Location
- Numaish, opposite Mazar-e-Quaid Karachi, Sindh Pakistan

Information
- Type: School for blind and deaf children
- Established: 1922
- Founder: Ida Rieu Welfare Association
- Principal: Muzna Masood
- Gender: Male and female
- Age: 4+
- Enrollment: 900 Blind and Deaf Students (2019)

= Ida Rieu School =

School for blind and deaf children in Karachi, Sindh, Pakistan

The Ida Rieu School for the blind and deaf was founded in 1922 in Karachi, Pakistan.

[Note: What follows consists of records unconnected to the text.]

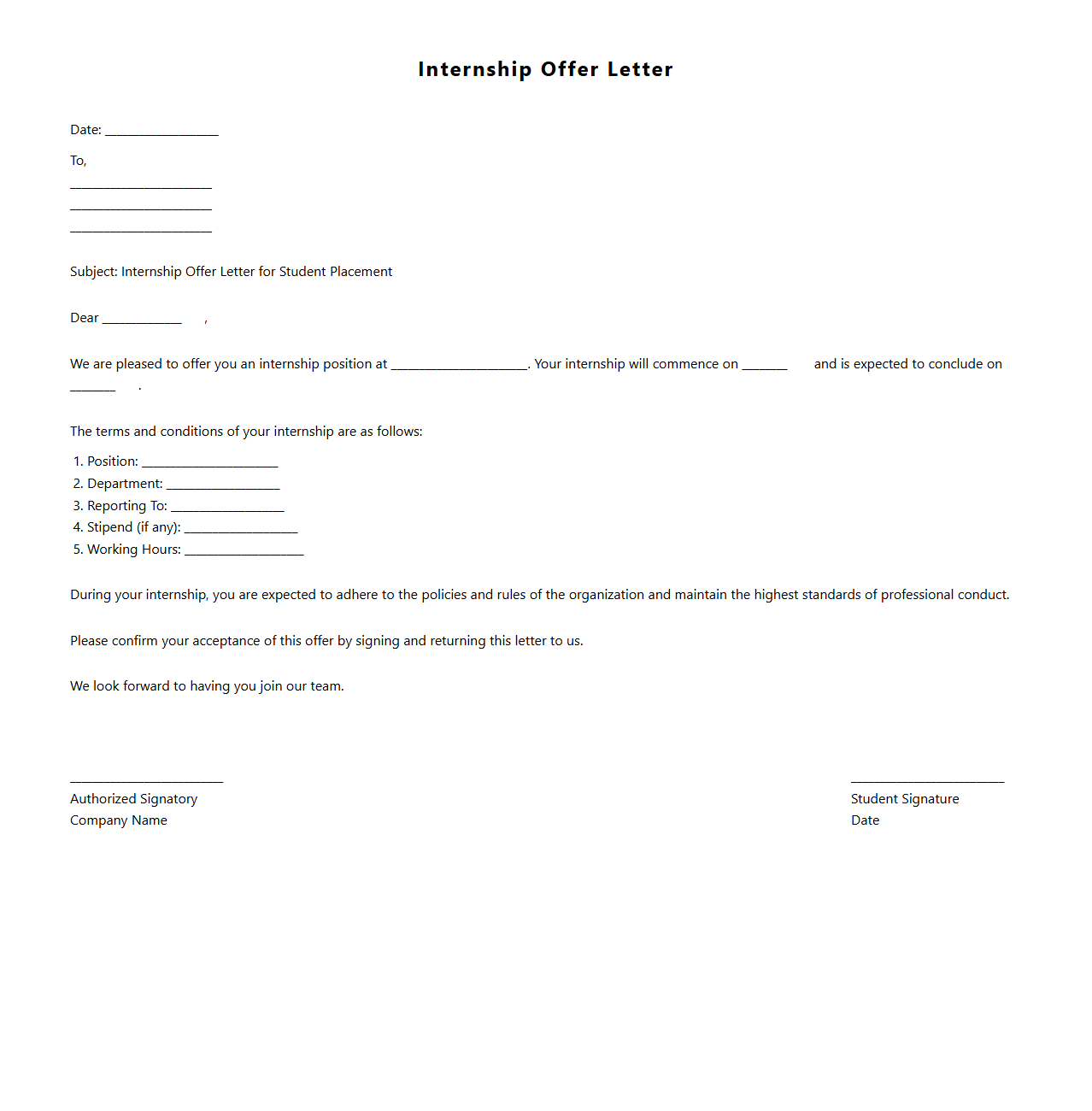 Internship Offer Letter for Student Placement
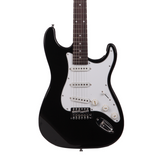 Glarry GST Electric Guitar with Rosewood Fingerboard, Tremolo Bar & Accessories – 22 Frets, Black & White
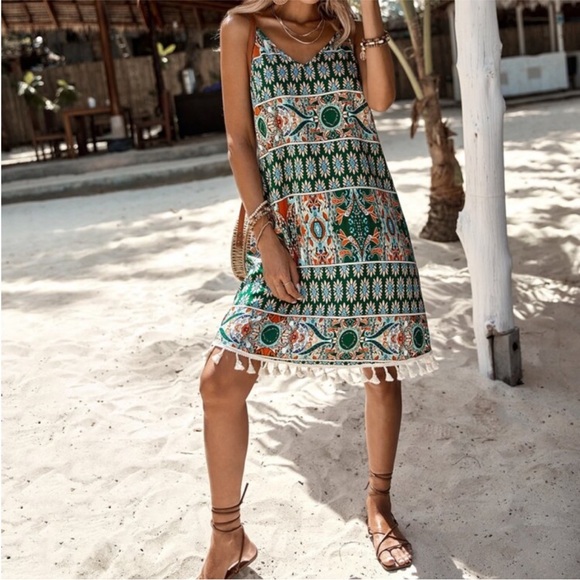 Boho Paisley Print Tassel Hem Cami Dress Sz.XS - Picture 7 of 13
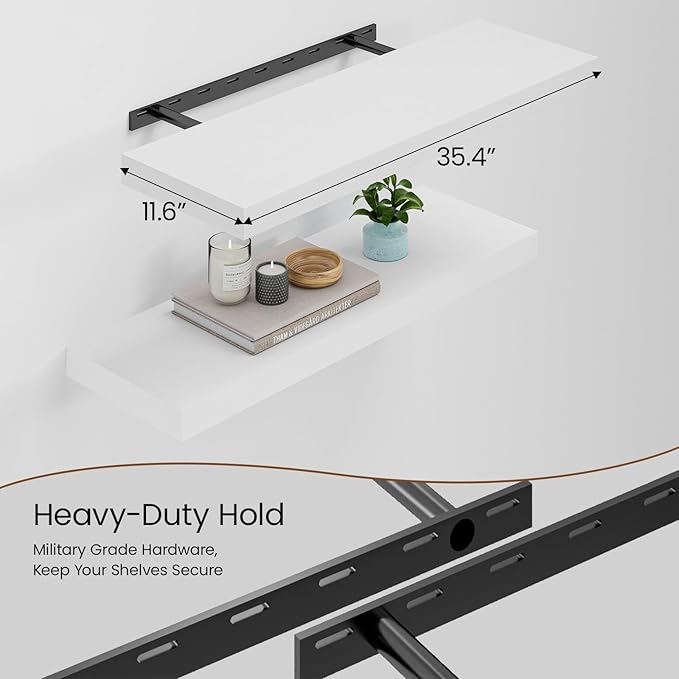 Heimlove 12inch Deep Floating Shelves for Wall, Mounted Shelves 36" W x 12" D x 1.5" H, wall Shelf for Bedroom Living Room Ba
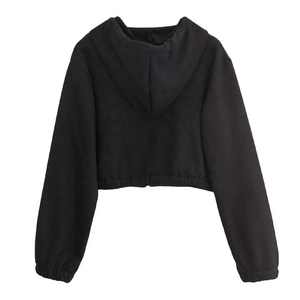 Sudaderas con capucha de gran tamaño con cremallera para mujer, Top informal de corto y manga larga con cuello redondo talla grande, logotipo frontal con hombros caídos, Invierno - Product Image 6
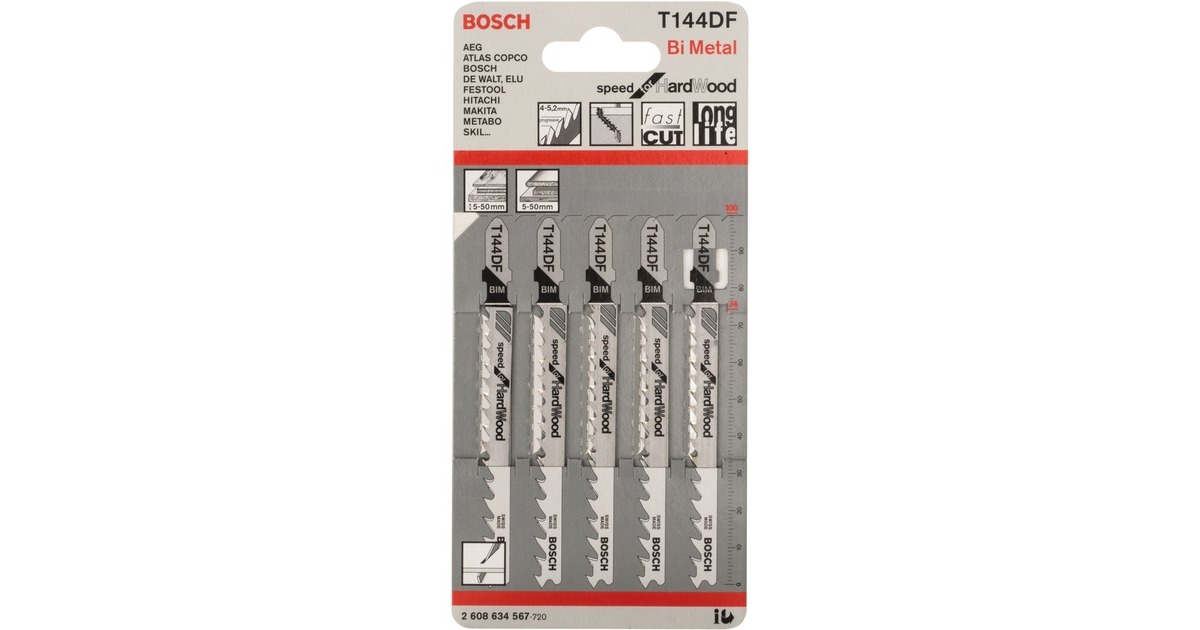 Bosch Stichsägeblatt T 144 DF Speed for Hard Wood, 100mm(5 Stück)
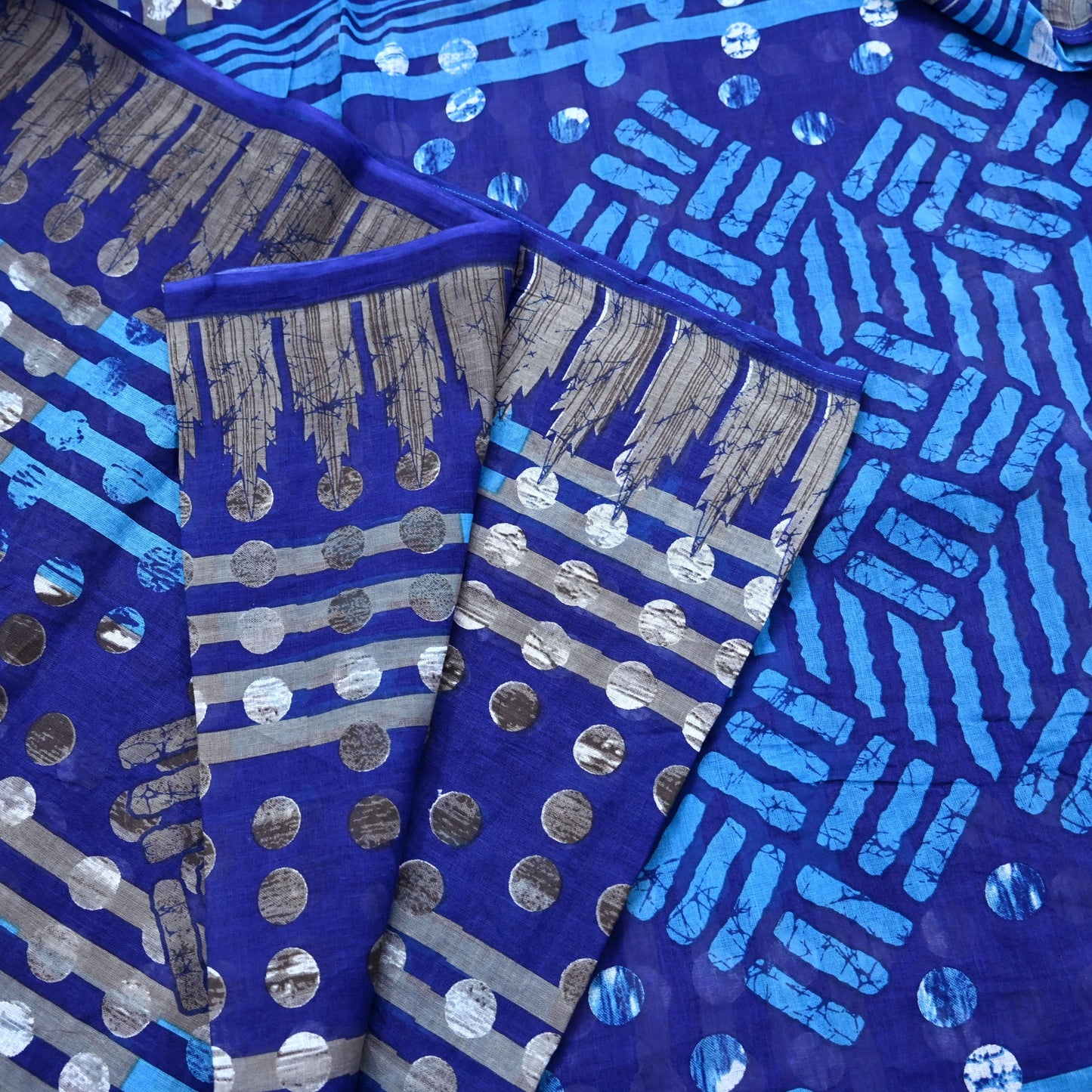 Indian Vintage Sari Blue Printed Pure Cotton Sarees 5Yd Craft Fabric Soft Sewing Sarong Wrap Boho Upcycle quilting Dress making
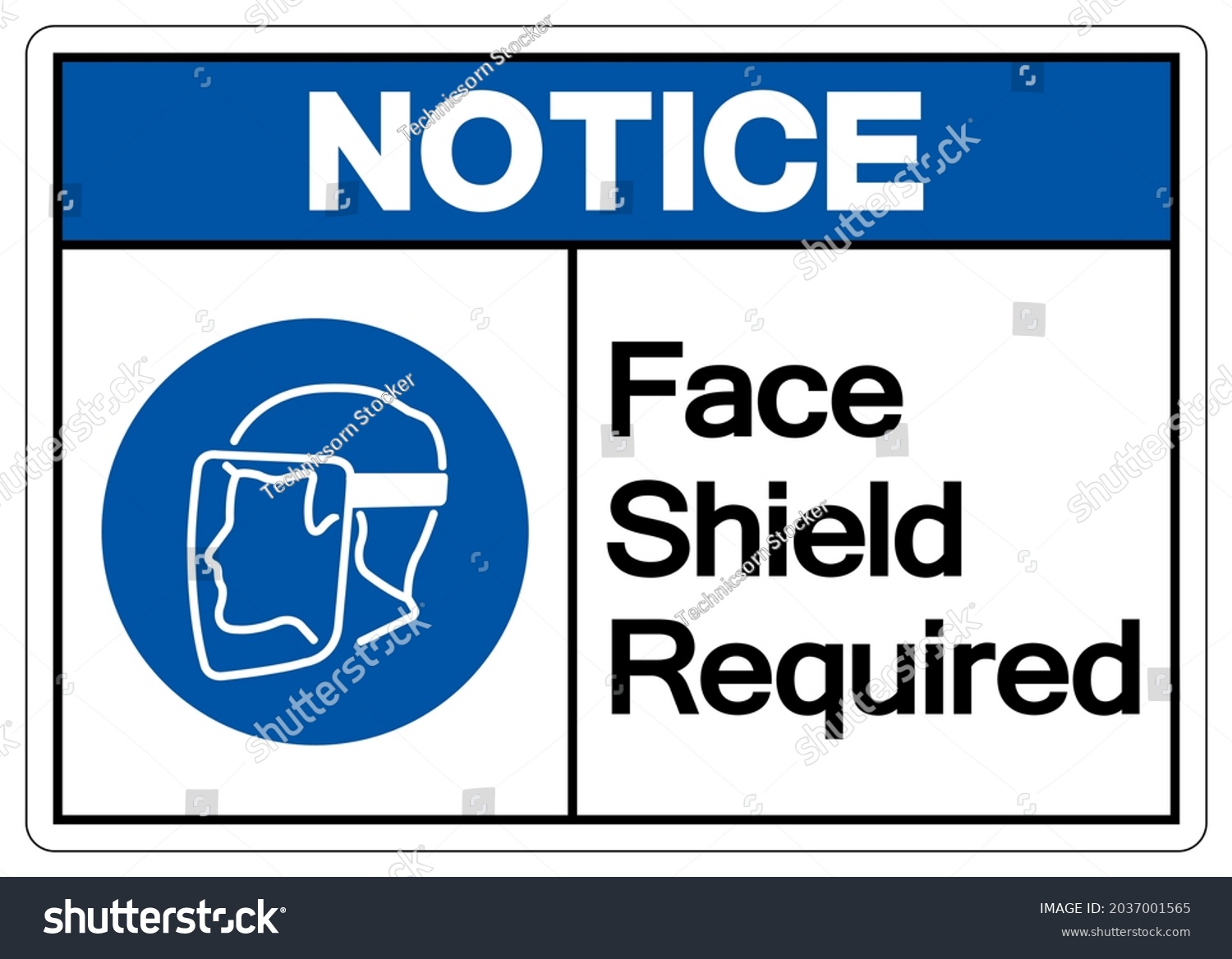 Notice Face Shield Required Symbol Sign,Vector - Royalty Free Stock ...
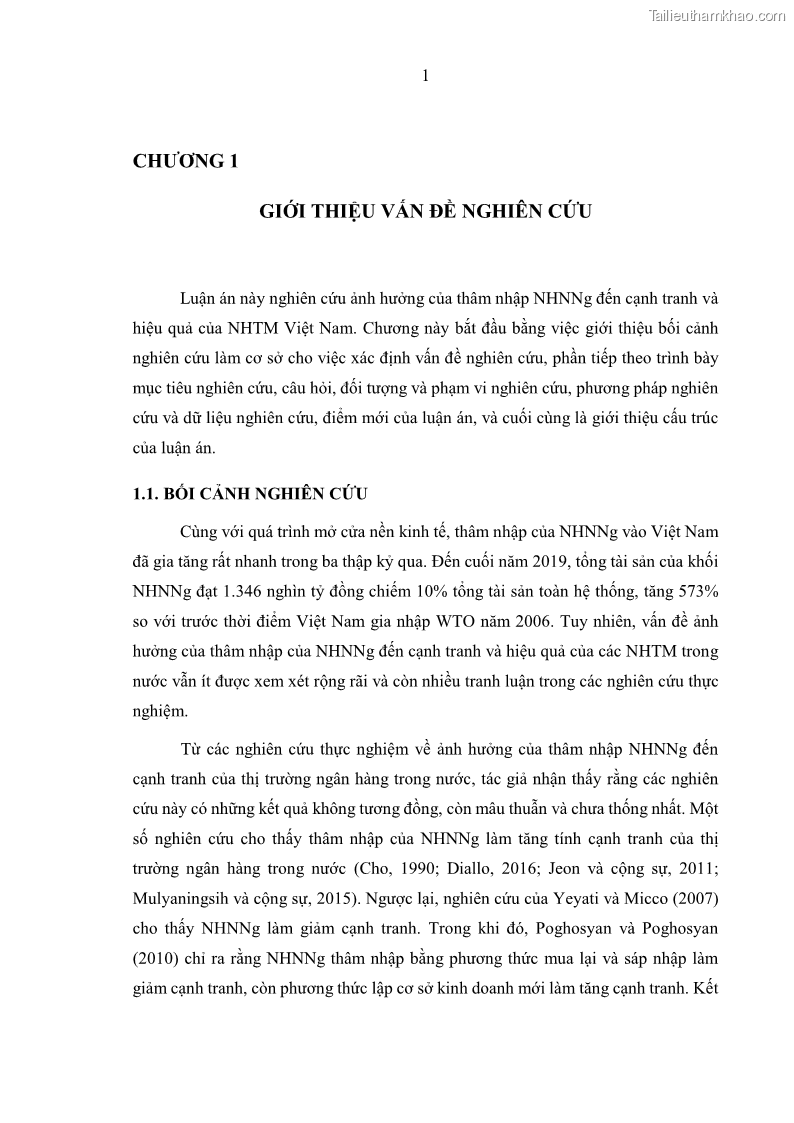 Luận án tiến sĩ kinh tế Ảnh hưởng của thâm nhập ngân hàng nước ngoài đến cạnh tranh và hiệu quả của các NHTM Việt Nam - 2 Trang 17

It was named after Ida Augusta Rieu, the wife of the Commissioner of Sindh, J.L.Rieu.

Ida Rieu not only has a school for people with disabilities but also has a hostel, a college, and an old persons' home.

A large number of philanthropists support the school, which not only provides educational facilities but also imparts vocational training to the disabled students.

In 2006, five students, including four women, gained admission to the master's degree programme at the Ida Rieu College for the blind and the deaf. This is the first time that the institution had introduced a masters' level programme under the arts faculty at the University of Karachi.

On average, 12–16 students from Ida Rieu, including women, sit in the HSC exams; while another 10 or more, in the degree level exams. Some of the school's students have also earned top positions in the examinations. Qudsia Khan is the principal of the school.

In 2007, the blind students of Ida Rieu School achieved brilliant results in the Matriculation Examination. Ten blind girl students appeared, out of which three obtained first division and one the first class first position. Amongst the boys, nine appeared and three obtained first division. The overall result of both was 100 per cent. In 2008, there were over 900 blind and deaf students at the institution.

it has undertaken to provide the latest modified gadgets to allow the inclusion into information society i.e., Braille keyboards, screens, voice activated devices, special videos, and toys that promoted learning for children with varying degrees of blindness.

An extract from the 2023 census of the city's population reveals that visual problems affect 2.18 percent of the population, while hearing difficulties affect 2.51 percent.